Blind School Page 12
The wire-frame elevator rose steadily up the side of the building carrying Tommy, Milford, Jed and Stevie.
Fifty floors high, only its first few floors were complete, the rest a steel and concrete floor skeleton. Its sides were completely open.
‘My, oh my.’ Milford remarked, taking in the view. ‘You can see the whole city from up here.’
Tommy closed his eyes, shuddering. He could hardly bear to look, was terrified. His nerves were racing, so the vibration of his cell-phone in his shirt pocket didn’t register for a second.
Milford stared at it as it rang, smiled lopsidedly.
‘Got a new Sim-card, huh?’
At the other end of the line Ryan muttered urgently, ‘Come on, Tommy, pick-up!’
Ryan strained his ear, could hardly hear the ringing tone above the blaring siren as they sped along. Sat with him in the back of the car was a Blind School op-agent with Jules Mentinck in the front alongside another agent driving.

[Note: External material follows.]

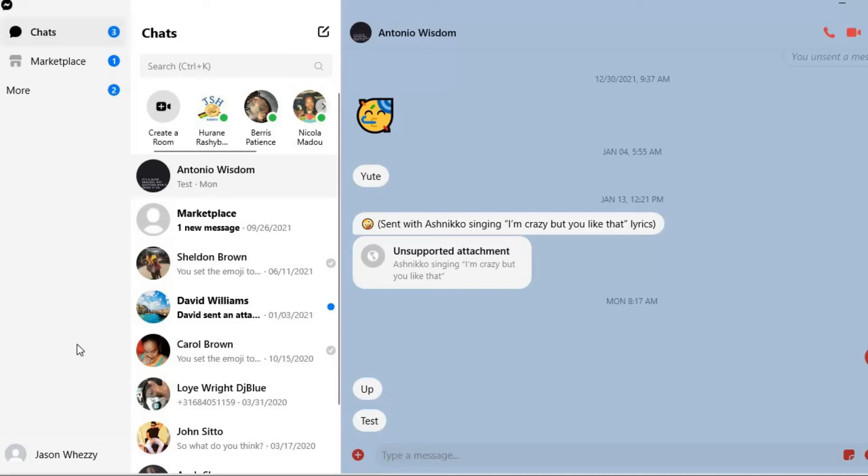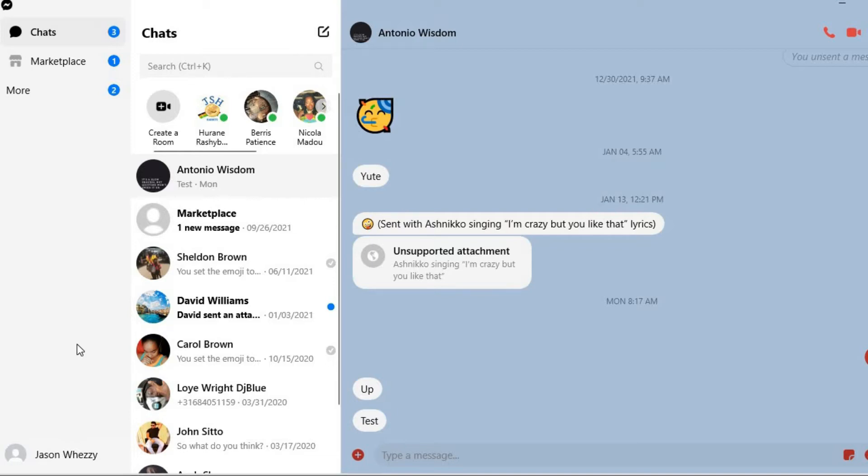Hello, welcome to Simple Answers. I'm your host Jason. In this video I'll be showing you how to disable or enable active status on Messenger on your laptop, PC, or Mac.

Milford took the phone out of Tommy’s pocket and pressed END CALL. ‘Somehow don’t think you’ll be needing this any more.’
He threw the phone over the wire-frame and it sailed down the dizzying drop.
Jed and Stevie exchanged another uncomfortable glance: they’d seen some wild, unpredictable moods from Brad before, but nothing like this.
TWENTY-SEVEN
The police presence at Frank Lyle's farmhouse was formidable: five squad cars, three SWAT trucks and a helicopter circling.
A swarm of agents busily searched Lyle's farm and outbuildings while Ellis and Josh Eskovitz confronted Lyle in his farmhouse. Ryan and Jules Mentinck hung in the background.
Ellis Kendell stared at Lyle from only a foot away, gesticulating so sharply it looked as if he was about to hit him.
‘So where have you got her, Frank?’
‘Don't know what you're talking about, I –’
‘You can cut the crap. We know every last detail of how you did it.’ Ellis reached out and ripped the jacket and protection vest from Lyle.
From Ryan’s perspective, the aura of Abaddon suddenly appeared beneath. Ryan glared at Lyle and nodded to Ellis.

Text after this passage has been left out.